Di sana merupakan rumah bagi minoritas besar berbahasa Inggris di negara Afrika Barat. Seorang saksi mata yang tidak iNgin menyebutkan jati dirinya karena takut akan pembalasan, mengonfirmasi pembantaian itu.
Dia mengakui membantu mengubur 21 mayat di empat kuburan pada empat kompleks berbeda dengan bantuan seorang rekan. "Sembilan rumah juga dibakar dan sejumlah warga desa yang tak dikenal mengungsi," kata saksi tersebut.
Untuk diketahui, gerakan separatis di daerah telah memerangi pemerintah pusat selama tiga tahun belakangan. Salah satu dari dua partai oposisi utama negara itu, Gerakan Kelahiran Kembali Kamerun (MRC), mengeluarkan pernyataan.
"Rezim diktator (dan) kepala tertinggi pasukan keamanan dan pertahanan terutama bertanggung jawab atas kejahatan-kejahatan ini," kata pernyataan MRC.
Satu tokoh kunci dalam gerakan separatis, pengacara Agbor Mballa, dalam sebuah unggahan Facebook juga menuduh pasukan pertahanan negara melakukan pembunuhan. Namun, seorang pejabat militer membantah tuduhan itu dengan mengatakan: "Salah". Tidak ada komentar resmi lainnya yang segera tersedia.

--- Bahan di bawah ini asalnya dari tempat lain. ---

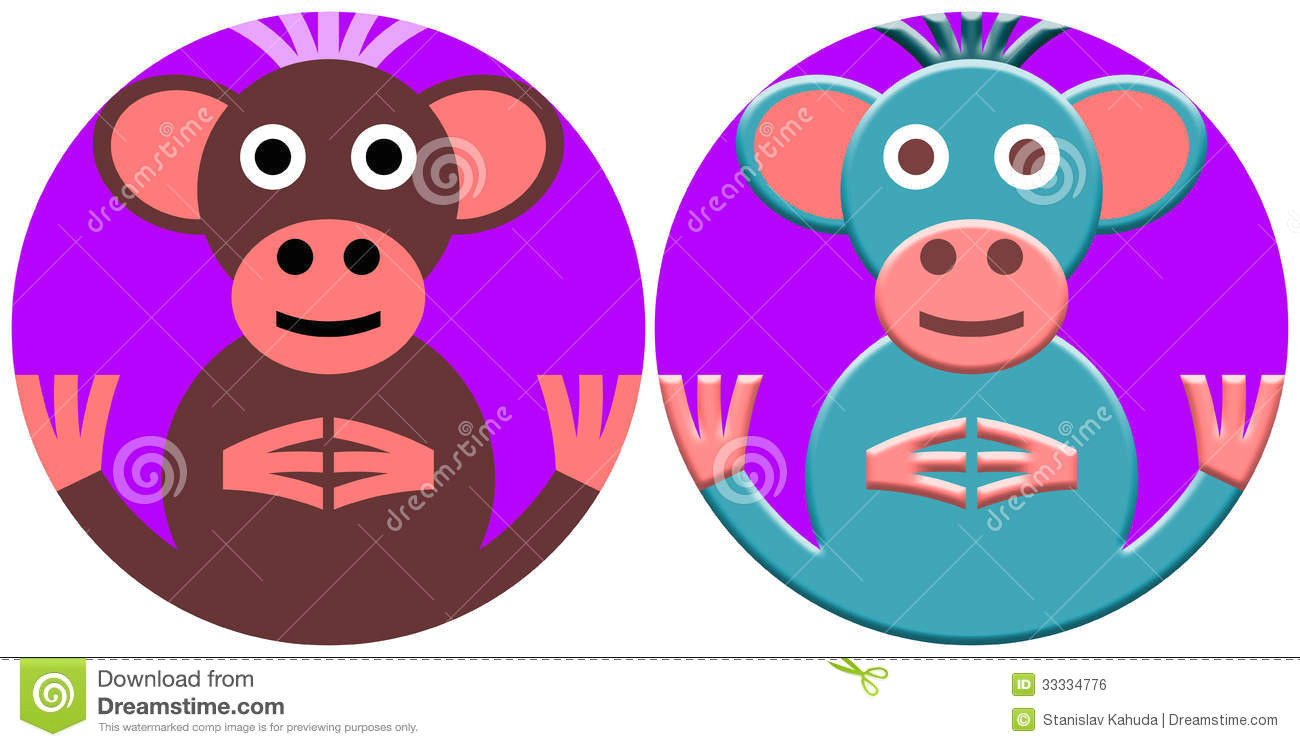 Drawing A Cartoon Monkey Monkey Stylized Drawing Stock Illustration Illustration Of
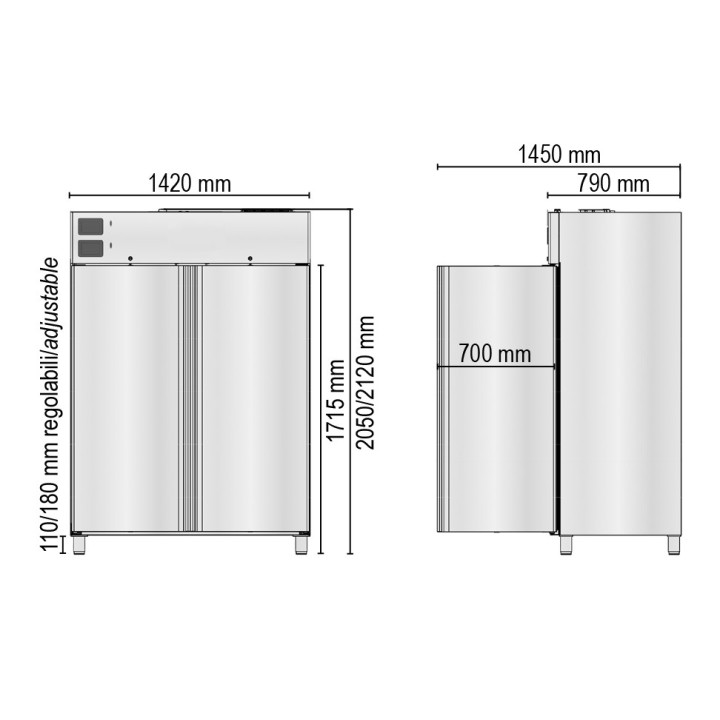 ARMOIRE MEDICAL DOUBLE TEMPERATURE, 2 PORTES, 1310 L HGN1400TN+BTN MEDDOM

"Mereka yang bertanggung jawab atas kejahatan keji ini harus dibawa ke pengadilan. Budaya impunitas ini harus dihentikan," ujar Direktur Pusat Hak Asasi Manusia dan Demokrasi di Afrika, Felix Agbor Balla dalam Twitternya.

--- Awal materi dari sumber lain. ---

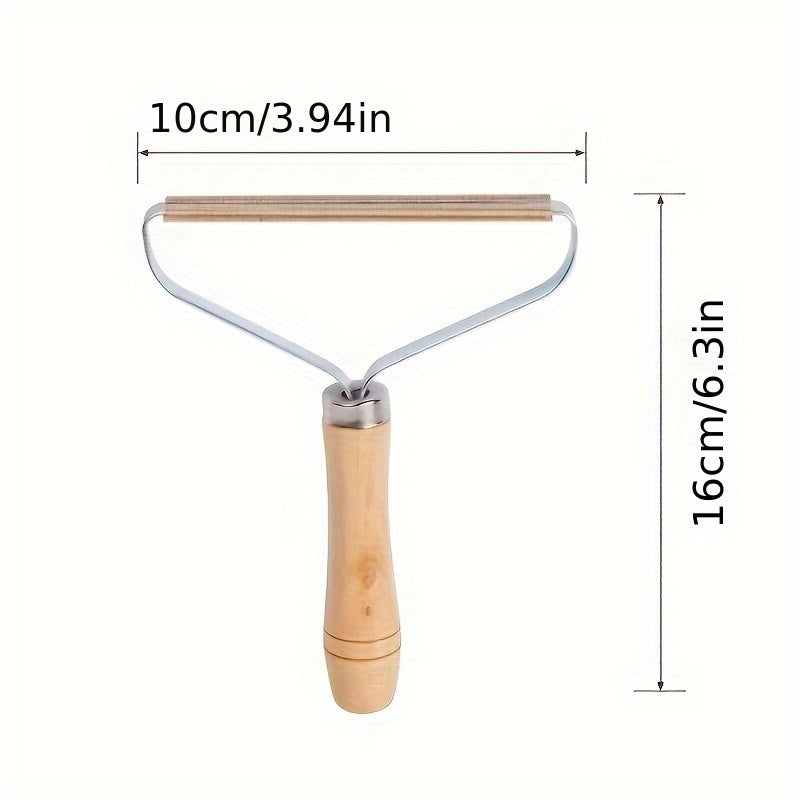 Portable Manual Lint Remover - Double-Sided Fabric Shaver for Pet Hair, Clothes, Sofa &amp; Carpet Cleaning, Wooden Handle &amp; Metal Frame, Ideal Home Utility Gift for Family and Friends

Konflik antara tentara Kamerun dan para pejuang berbahasa Inggris yang berusaha membentuk negara dan memisahkan diri (dinamakan Ambazonia) dimulai setelah pemerintah menindak keras para pengunjuk rasa damai yang mengeluh dipinggirkan oleh mayoritas berbahasa Perancis. Konflik telah memaksa setengah juta orang melarikan diri dan menghadirkan Presiden Paul Biya dengan ancaman terbesarnya dalam hampir 40 tahun pemerintahan.
Konflik tiga tahun telah menewaskan lebih dari tiga ribu jiwa dan memaksa lebih dari 700 ribu orang meninggalkan rumah mereka. Pembunuhan pada Jumat lalu terjadi setelah pemilihan umum pada tanggal 9 Februari yang dinodai oleh kekerasan di wilayah-wilayah yang diklaim dilakukan baik oleh separatis maupun pasukan keamanan.
Separatis bersenjata mencegah orang-orang untuk menggunakan hak suaranya dengan mengancam pembalasan, sementara tentara pemerintah sangat hadir. Separatis menculik lebih dari 100 orang dan membakar properti menjelang pemilihan, kata Human Rights Watch (HRW).
MRC pun menolak untuk mengajukan calon tunggal setelah pemimpinnya, Maurice Kamto menyerukan pemboikotan pemilihan bulan ini. Hingga kini pemerintah Kamerun belum mengumumkan hasil pemilihan atau angka partisipasi.